*** Data provided Section Begins ***

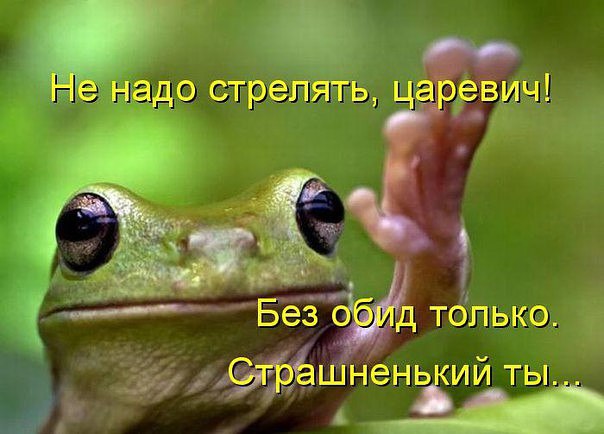   !!! - 3  2015  21:21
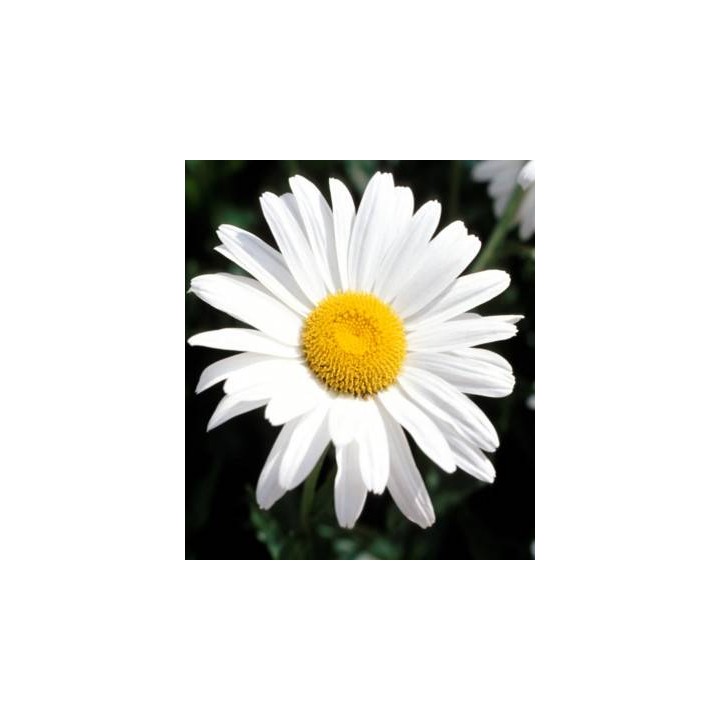 Seminte de flori Margarete perene
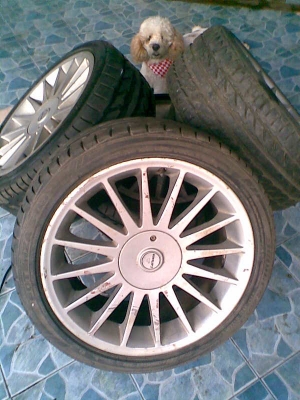 แม็กcarlsson 5 รู รถเบนซ์ ขอบ18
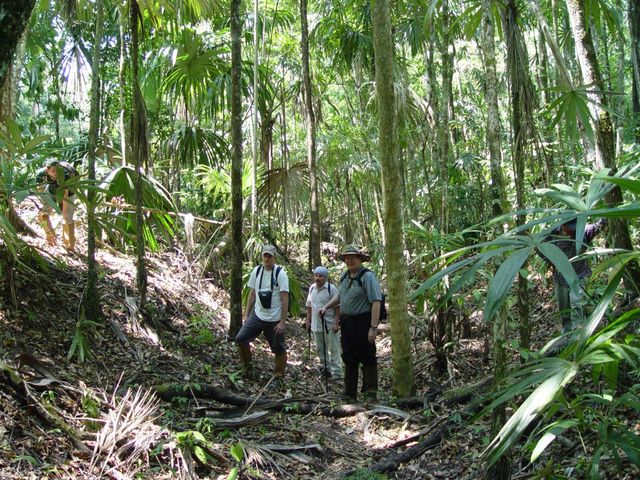 Trekking tour at Tikal ruins, an ancient Mayan archaeological site, Guatemala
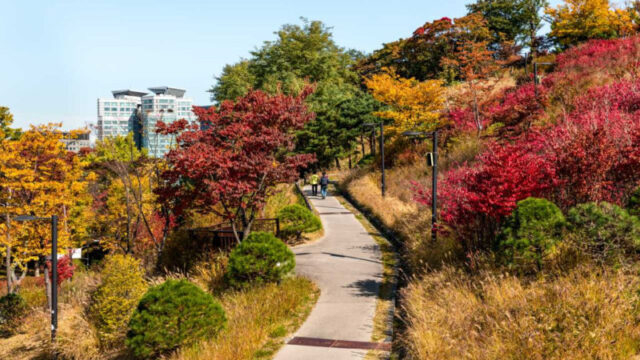 登山靴なしでOK！気軽に楽しめる秋の散策路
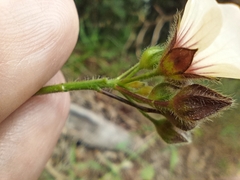 Sida linifolia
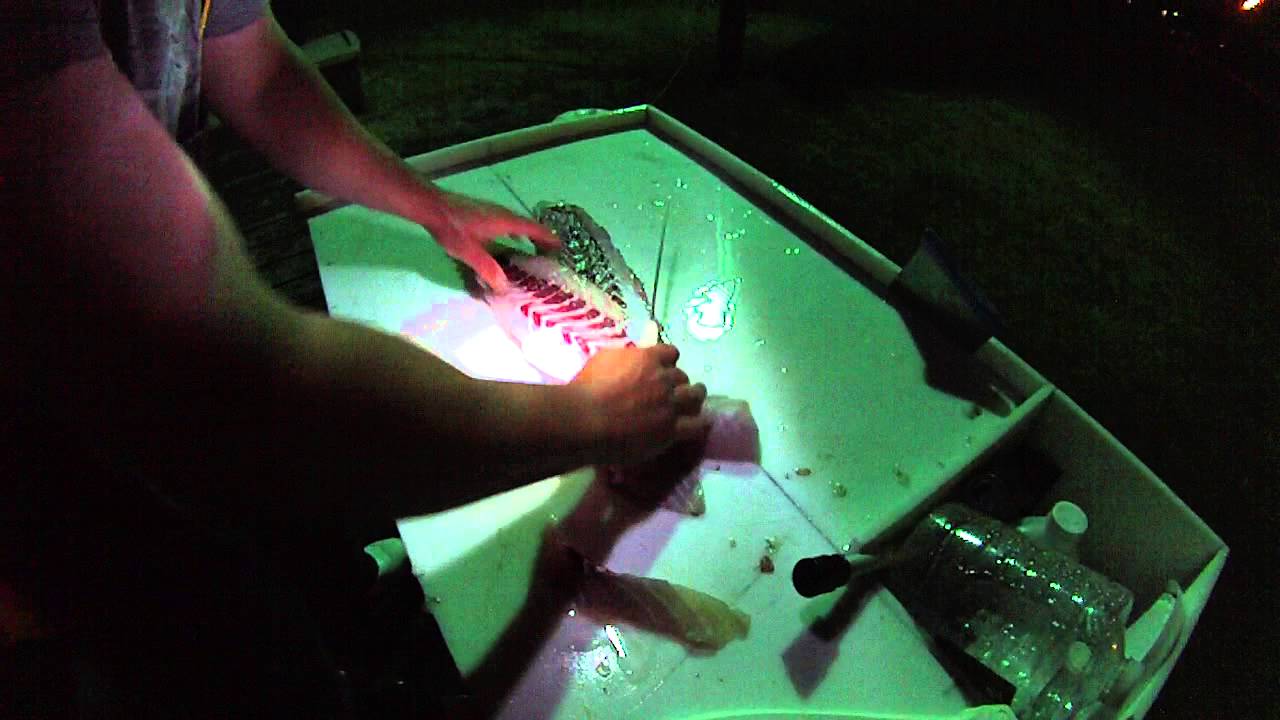 How to Fillet a Striped Bass YouTube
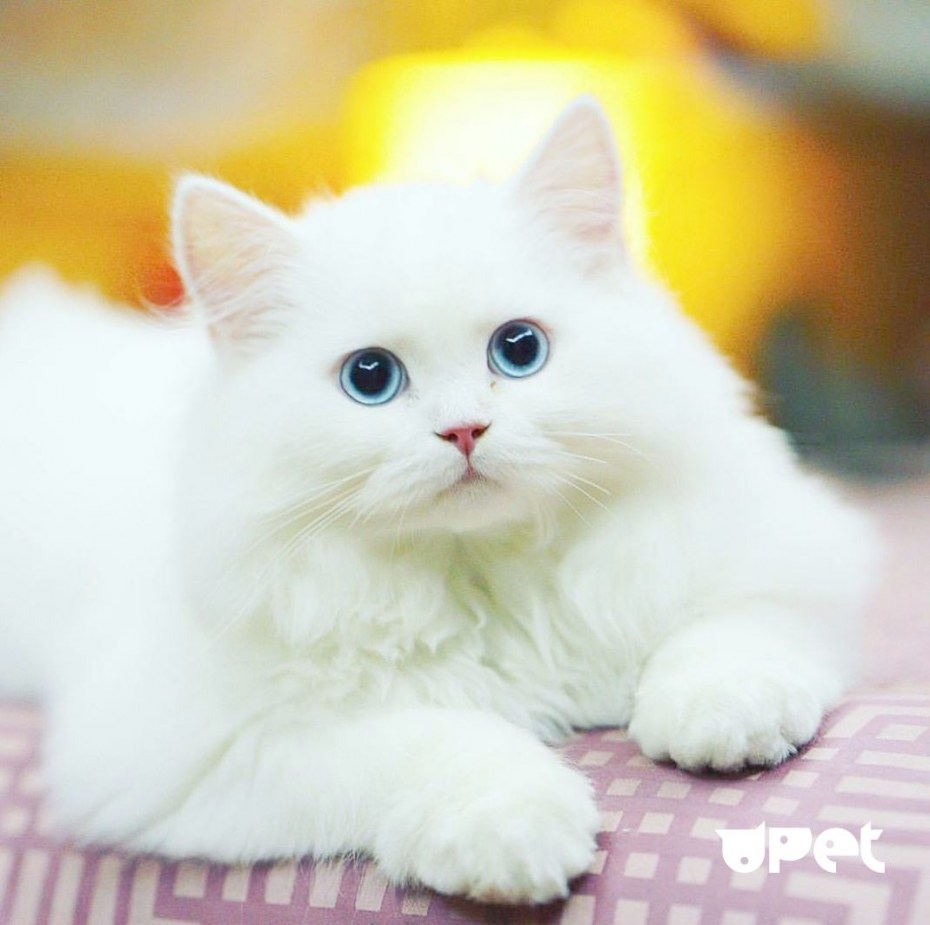 Белый котёнок с голубыми глазами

*** Data provided Section Ends ***

Goal of the exercise
Could you reproduce exactly the lines from the one containing "Trekking tour at" through the last line of the records, both included, leaving out the pictures?

Problem solution
 Trekking tour at Tikal ruins, an ancient Mayan archaeological site, Guatemala
 登山靴なしでOK！気軽に楽しめる秋の散策路
 Sida linifolia
 How to Fillet a Striped Bass YouTube
 Белый котёнок с голубыми глазами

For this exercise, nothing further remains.